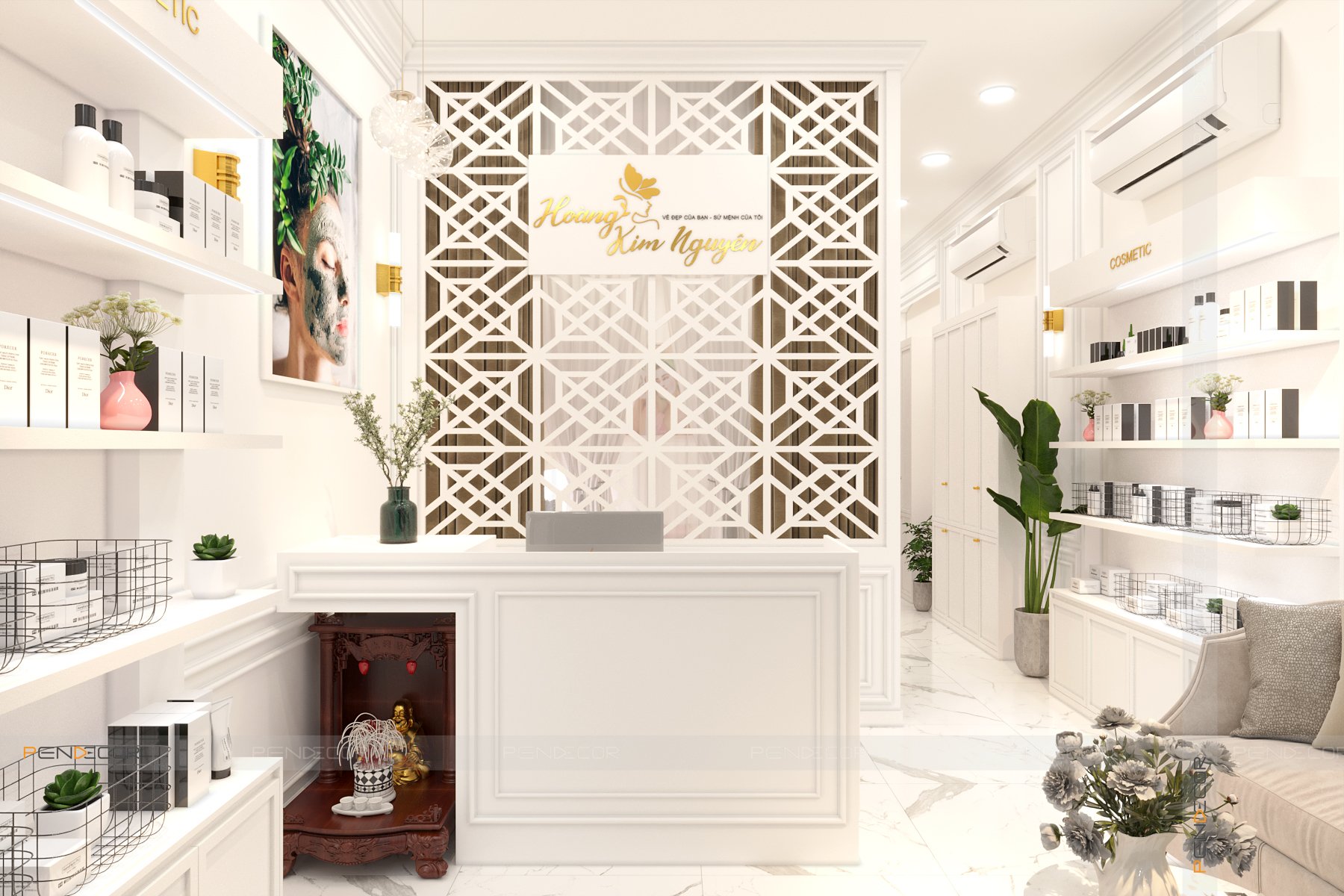 Thiết Kế Spa Hoàng Kim Nguyên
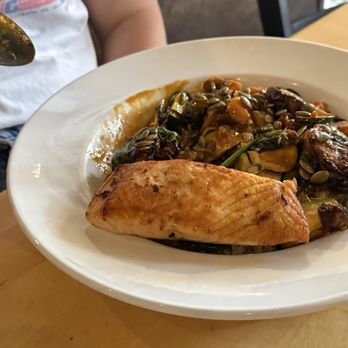 Perfect Pear Bistro - Quinoa bowl with salmon. - New American Near Me - Tempe, Arizona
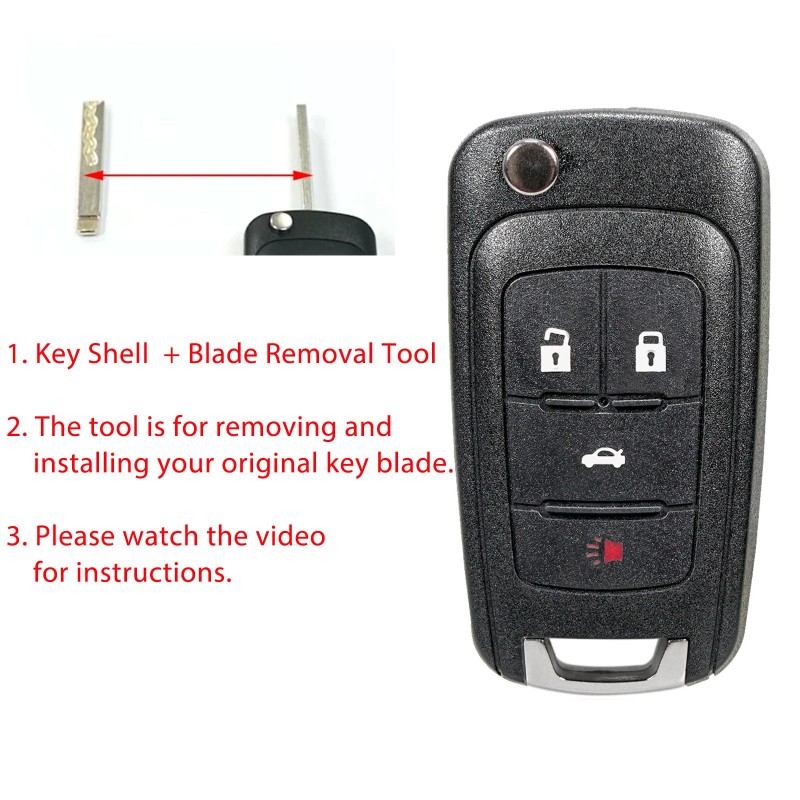 Unbranded Key Fob Case Old Blade Transfer Tool for Chevy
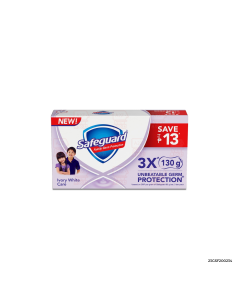 Safeguard Ivory White Care Bar Soap Tripid | 125g x 3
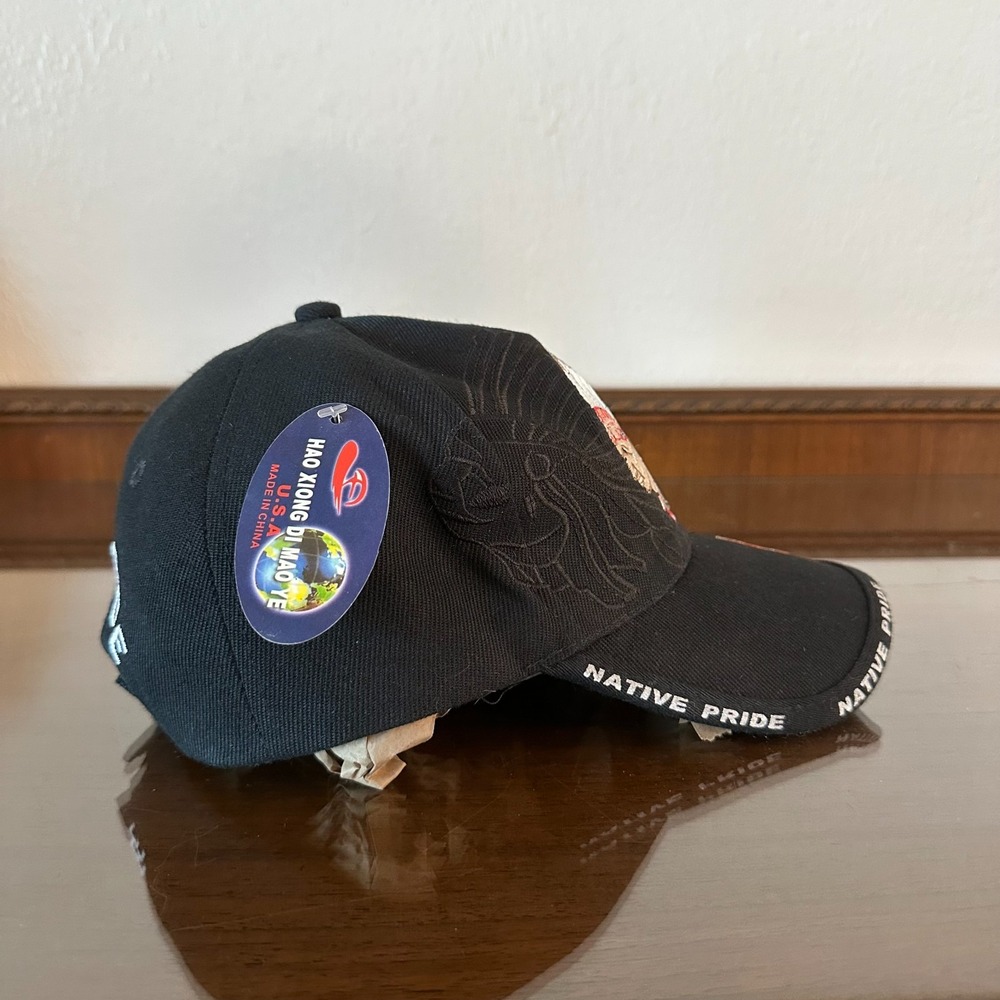 Native Pride Indian American Chief Feathers Baseball Cap Hat - Picture 5 of 5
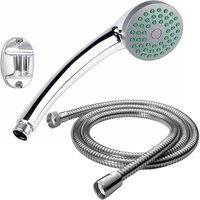 Marco Paul Universal Shower Head Chrome with Hose & Fittings in Silver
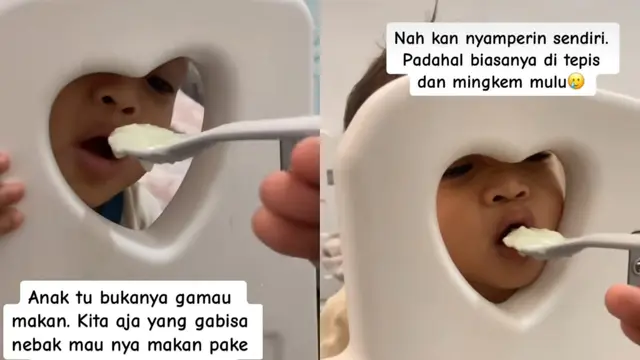 10 Cara Unik Atasi GTM Pada Anak, Barang Random Gantikan Peran Sendok Bikin Geleng Kepala
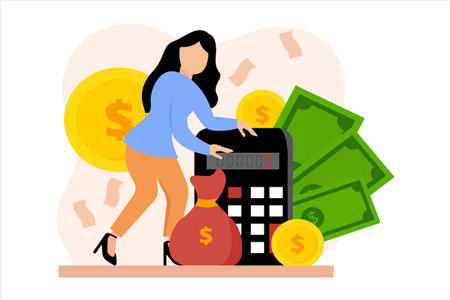 Finance Flat Illustration Designのイラスト素材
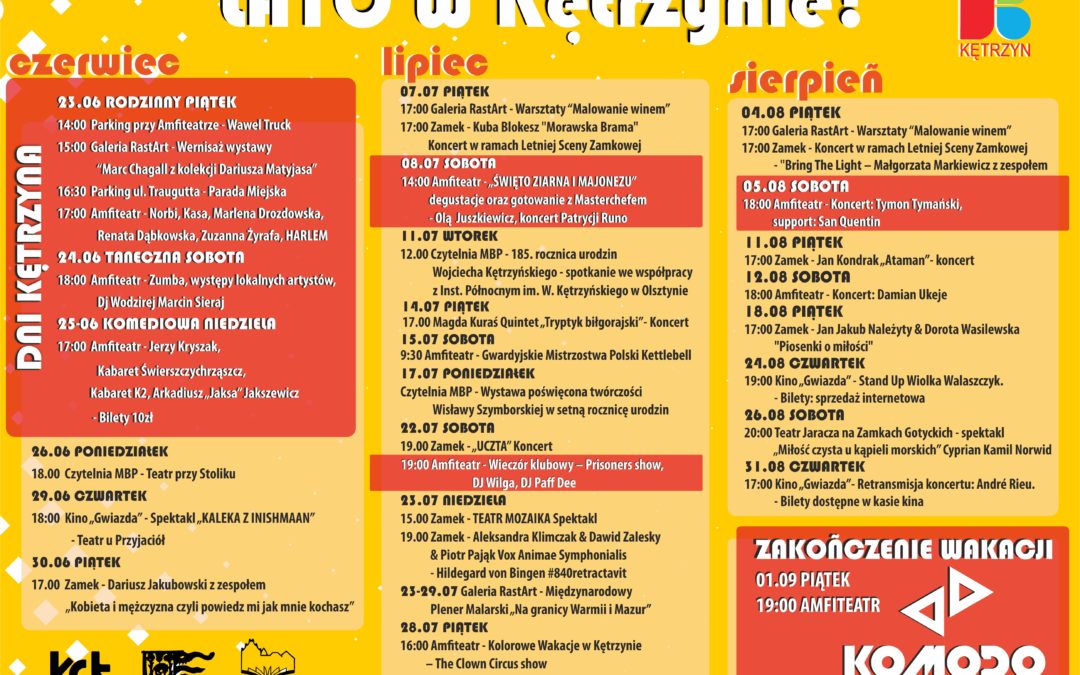 Kalendarz Kętrzyńskiego Lata 2023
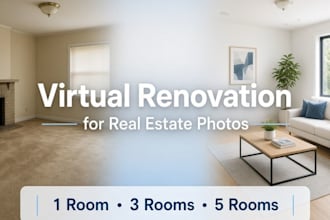 do virtual renovation and remodeling for your real estate photos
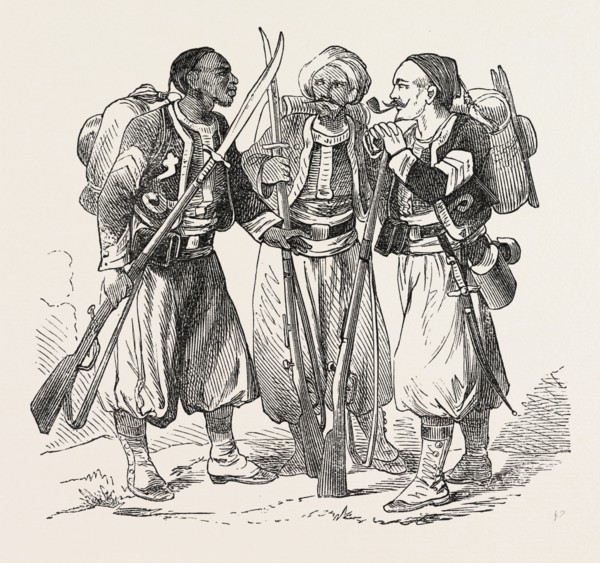 Franco-Prussian War: Turkos Zouaves and the camp of Chalons, France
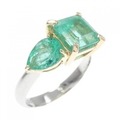 PT/K18YG エメラルド リング 1.23CT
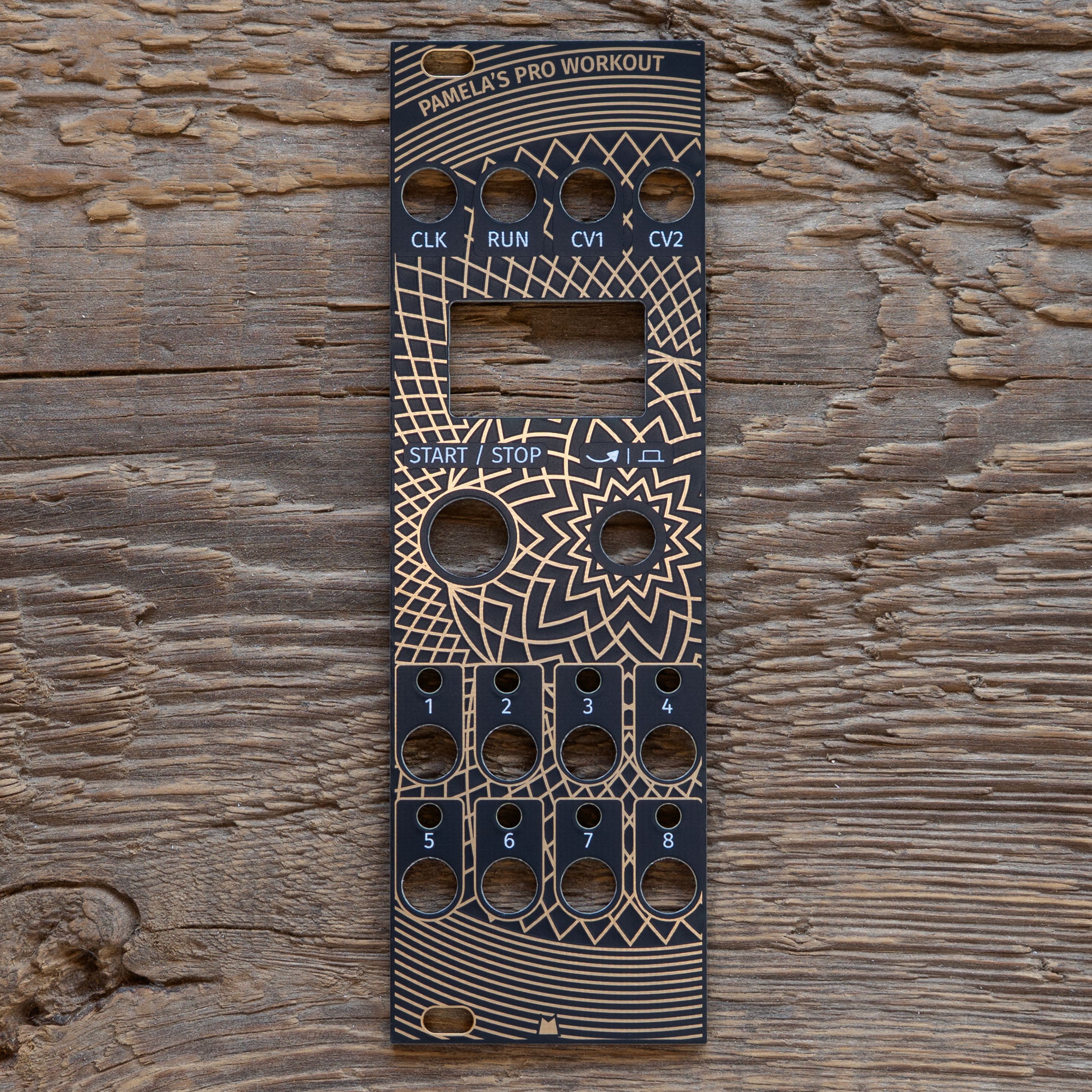 Pamela's PRO Workout - Golden Lotus - black & gold panel – Mörk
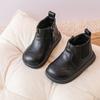 Botas Martins de caña media para niñas 2025 Nuevas llegadas de primavera y otoño Botines cortos para niñas pequeñas Zapatos para niños pequeños Suela blanda Botas de cuero para niños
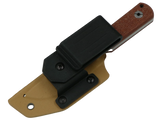 SCHATTENGRAD Nival Glacier Braun mit Micarta-Griff mit Kydexscheide und schwarzem Gürtelclip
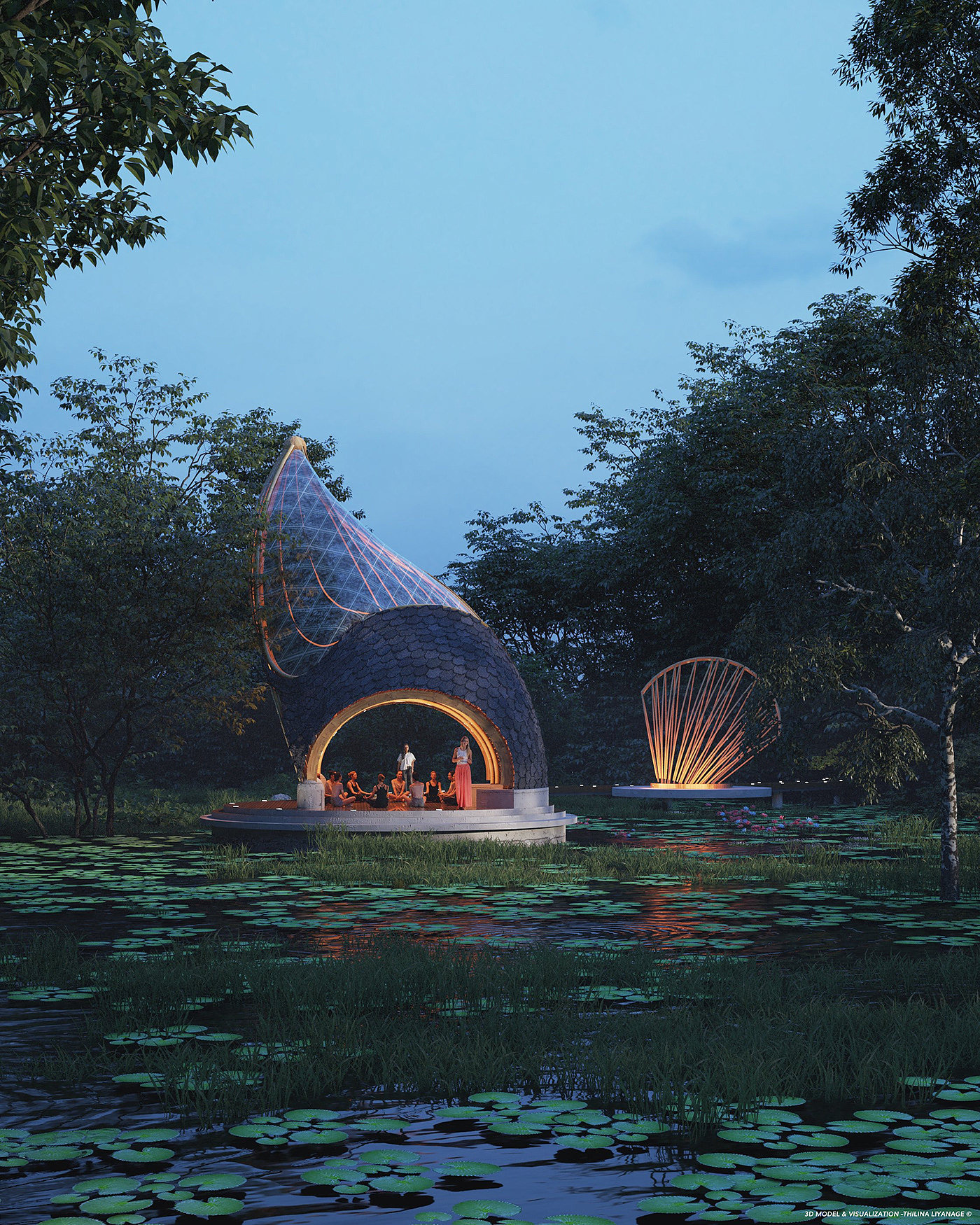 Dragon Fish，Yoga Studio，Architectural design，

Exercise objective
Pictures are to be left out. Write out only the lines above starting at the one with "Perfect Pear Bistro" and ending at the one with "Native Pride Indian", both lines included, exactly.

Solution below
 Perfect Pear Bistro - Quinoa bowl with salmon. - New American Near Me - Tempe, Arizona
 Unbranded Key Fob Case Old Blade Transfer Tool for Chevy
 Safeguard Ivory White Care Bar Soap Tripid | 125g x 3
 Native Pride Indian American Chief Feathers Baseball Cap Hat - Picture 5 of 5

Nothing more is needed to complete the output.